# Last Rack



## WURK2FISH

Lastest and LAST RAK!!!

http://pierandsurf.com/photopost/data/500/112.jpg

And I for the life of me cannot figure out how to get pics to load into the fishing gallory or this forum opened up and clear....oh well......

Got'r done!!!


----------



## DERFM

darn mike i'm just gettin' home and ya got all over the net !!!
sweet job , thanks again


----------



## WURK2FISH

DERFM said:


> darn mike i'm just gettin' home and ya got all over the net !!!
> sweet job , thanks again



You're the man DERF!!! You do the computer stuff...and fishin'.....I'll do the fabbin'!!!

Looks good!!!
Got'r done!!!


----------



## DERFM

well thank gawd you fab a chitload better than i do at computers


----------



## Jesse Lockowitz

MmmMMMmmM shinyyyyy




Jesse


----------



## DERFM

Jesse Lockowitz said:


> MmmMMMmmM shinyyyyy
> 
> 
> 
> 
> Jesse


yea , can't wait to get some bunker guts and fish slime on it


----------



## Cdog

I thought that front end looked familiar. Nice rack Derf. Tell Deb I said Hi.


----------



## DERFM

Cdog said:


> I thought that front end looked familiar. Nice rack Derf. Tell Deb I said Hi.


deb says "hi!!"
she also wants to know if her 'gaffer' is going to be down the first week in oct ??


----------



## Franklin7X57

like how the bait station reverses, it will keep the cooler lid from flying up if you don't strap it down.


----------



## WURK2FISH

Franklin7X57 said:


> like how the bait station reverses, it will keep the cooler lid from flying up if you don't strap it down.

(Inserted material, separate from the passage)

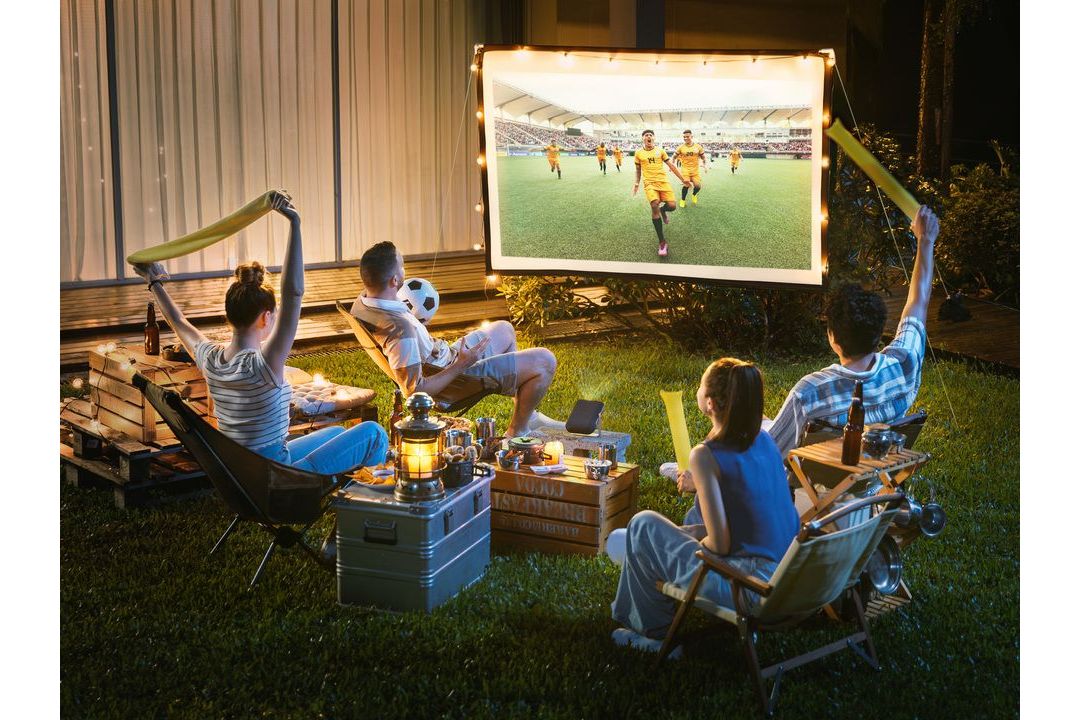 Projektorer ViewSonic M1XG ultraportabel Smart LED projektor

Well thanx Franklin!!! It's a fairly functional way to fab it up and have it stowed...and as ya noticed...helping keep the lid down if blow-back happens!

Got 'em done!!!


----------



## Tommy

Nice rack!!!

What are the overall demimsions?? Will a 25 qt Iceytech cooler (bait) fit in one of the side compartments??

Tommy


----------



## WURK2FISH

Tommy said:


> Nice rack!!!
> 
> What are the overall demimsions?? Will a 25 qt Iceytech cooler (bait) fit in one of the side compartments??
> 
> Tommy


 Built this awhile back for Derf....Don't right'ly remember the overall dimensions....the main compartment holds...I believe it was 100 qt. and the side baskets hold 35 qt. igloo marines(check dimensions of 35 qt Ig Marines against Iceytek dimensions) or his generator fit in also...either/or.

Hope this helps ya out!


----------



## DERFM

Tommy said:


> Nice rack!!!
> 
> What are the overall demimsions?? Will a 25 qt Iceytech cooler (bait) fit in one of the side compartments??
> 
> Tommy





WURK2FISH said:


> Built this awhile back for Derf....Don't right'ly remember the overall dimensions....the main compartment holds...I believe it was 100 qt. and the side baskets hold 35 qt. igloo marines(check dimensions of 35 qt Ig Marines against Iceytek dimensions) or his generator fit in also...either/or.
> 
> Hope this helps ya out!


tommy 
had the sides made really to hold my generator 
think it is a 125 qt in the center ??
if ya want the dimensions let me know , i'll measure it up ..
we were 'test fitting' coolers at F&F 's when we were down in oct , and i can't remember what fit in it now :redface:
derf


----------



## Tommy

Derf,

I'm getting ready to do a winter rig out of my new (old) 99' Burb. I would appreciate the deminsions, including size of each "compartment".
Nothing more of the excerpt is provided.